2) Neste sentido, Francisco resgata o conceito de “povo cristão”,  dando-lhe consistência e incidência social. Existe um povo cristão, representado pelo conjunto das pessoas que vivem a experiência do seguimento de Cristo e que têm uma mentalidade moldada por este seguimento. Com isso, se vincula a João Paulo II e à história da Igreja na Europa Oriental, onde a tradição popular manteve a fé viva durante um século de ateísmo e perseguição religiosa por parte do Estado comunista; bem como a Bento XVI e sua insistência no reconhecimento das raízes culturais cristãs da Europa atual. 

3) De modo similar, deve-se compreender a “opção pelos pobres” em Francisco (expressão que o papa não usou até agora em nenhuma ocasião oficial).
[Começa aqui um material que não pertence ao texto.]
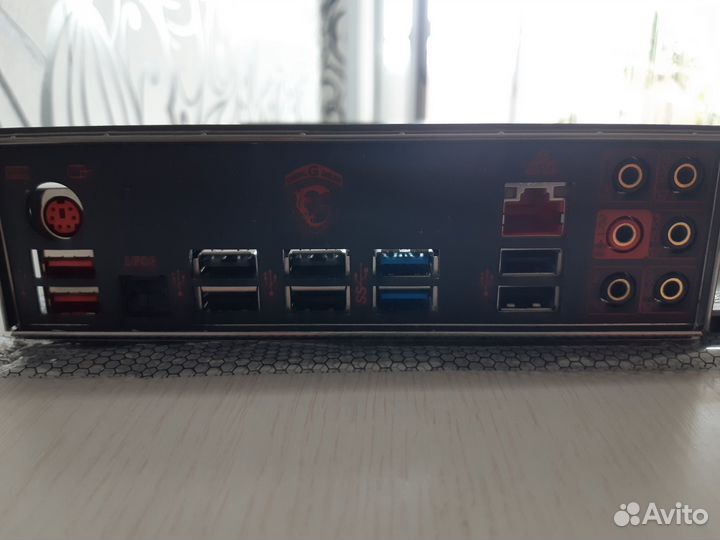 Материнская плата MSI 970 gaming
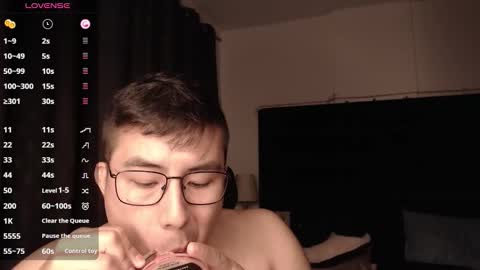 andrewmhilton_ online show from October 13, 6:52 am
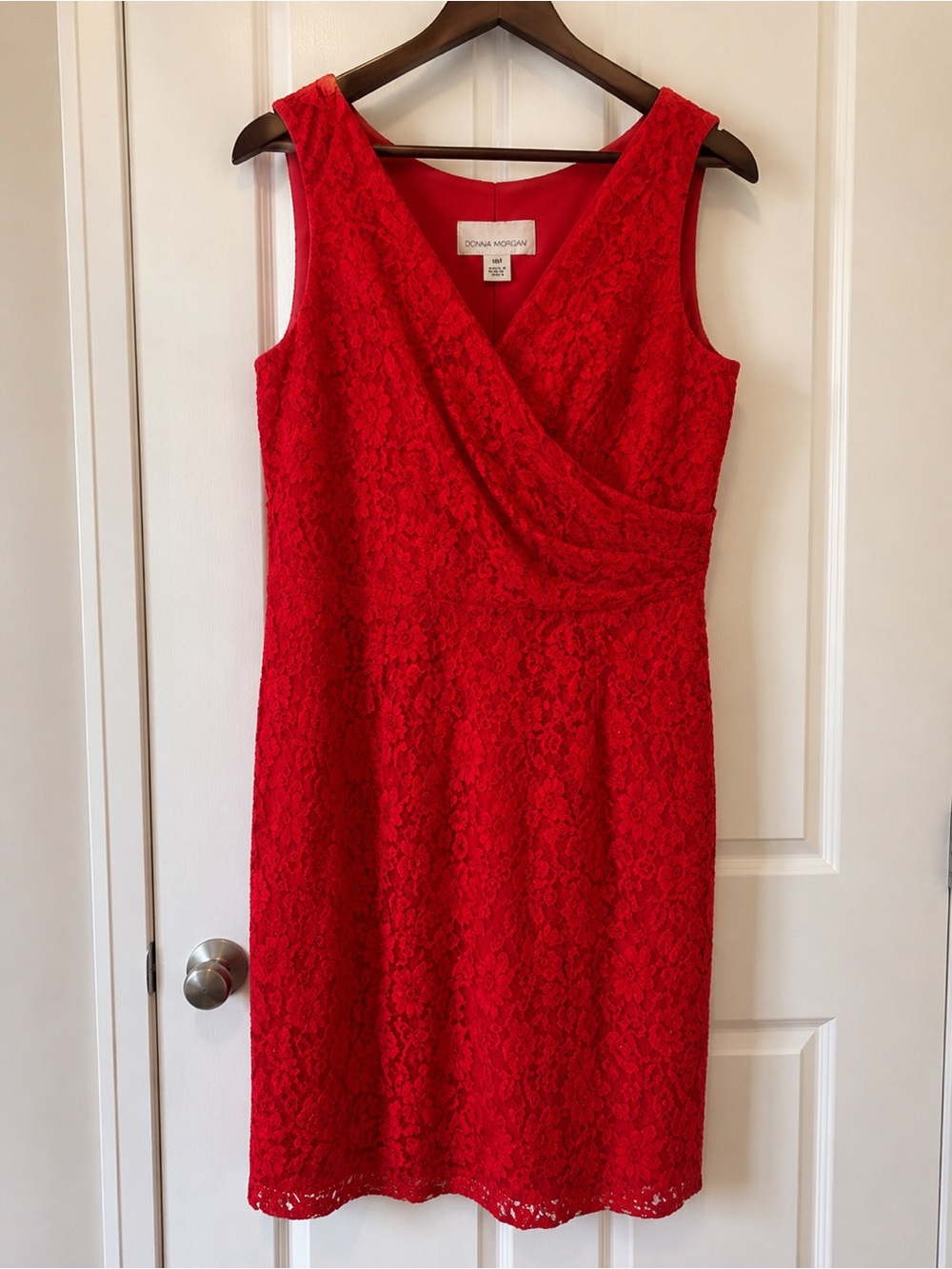 *Rare* Anthropologie Donna Morgan Red Lace V-Neck Sleeveless Midi Dress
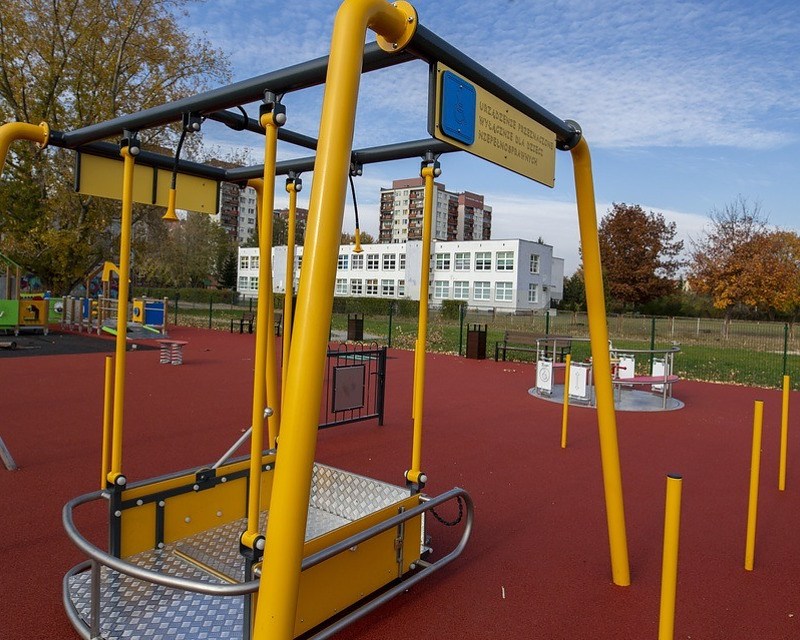 intagrecyjny plac zabaw na Kozanowie przy ul. Ignuta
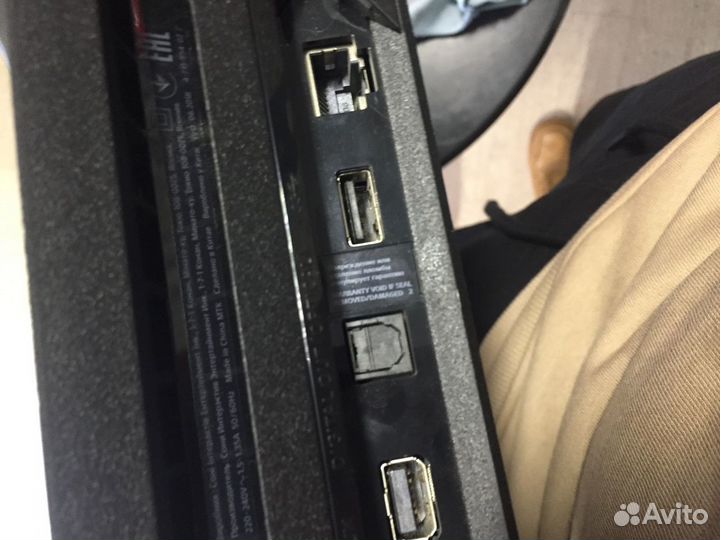 Sony playstation 4 PRO 1tb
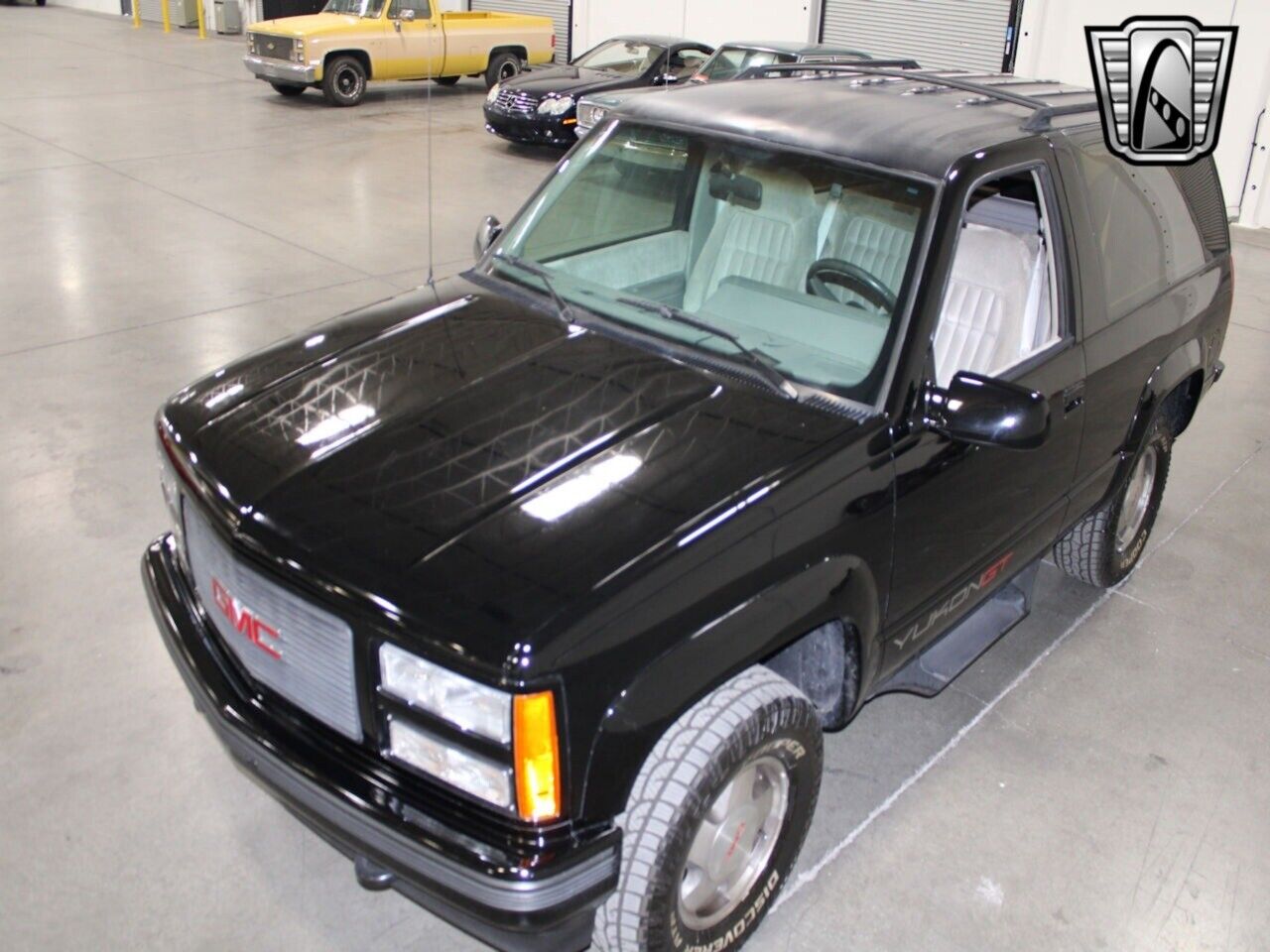 GMC-Yukon-Pickup-1993-Black-Gray-189240-3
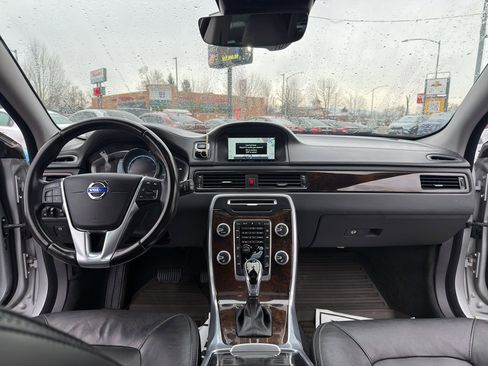 Used 2016 Volvo XC70 T5 Premier w/ Proximity Package image 19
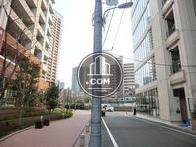 前面道路右手には目黒川が見えます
O pobre é uma luz para a Igreja não tanto por sua condição de excluído do sistema econômico, mas principalmente por representar uma tradição cultural que pode contribuir para humanizar a cultura moderna e pós-moderna. A opção pelos pobres de Francisco se insere mais no contexto de uma teologia “da solidariedade” que “da libertação”. A profecia acontece no anúncio do amor eterno e não da utopia. Não existe, em seu discurso, um momento libertador utópico ou a instauração de uma “terra sem males” que equivaleria ao Reino de Deus aqui. Existe, isto sim, uma permanente condição humana a exigir do cristão uma conversão “revolucionária” e o comprometimento solidário com os que sofrem. Essa posição não quer dizer negação do empenho político dos cristãos ou volta ao assistencialismo. Porém, superadas as ditaduras de direita e de esquerda do século XX, dentro de um contexto democrático no qual os partidos de esquerda frequentemente chegaram ao poder, é forçoso reconhecer que a esperança de uma ruptura utópica não parece realizável politicamente nem consistente teologicamente. Porém, o mandamento do amor e um compromisso solidário transformador continuam absolutamente necessários.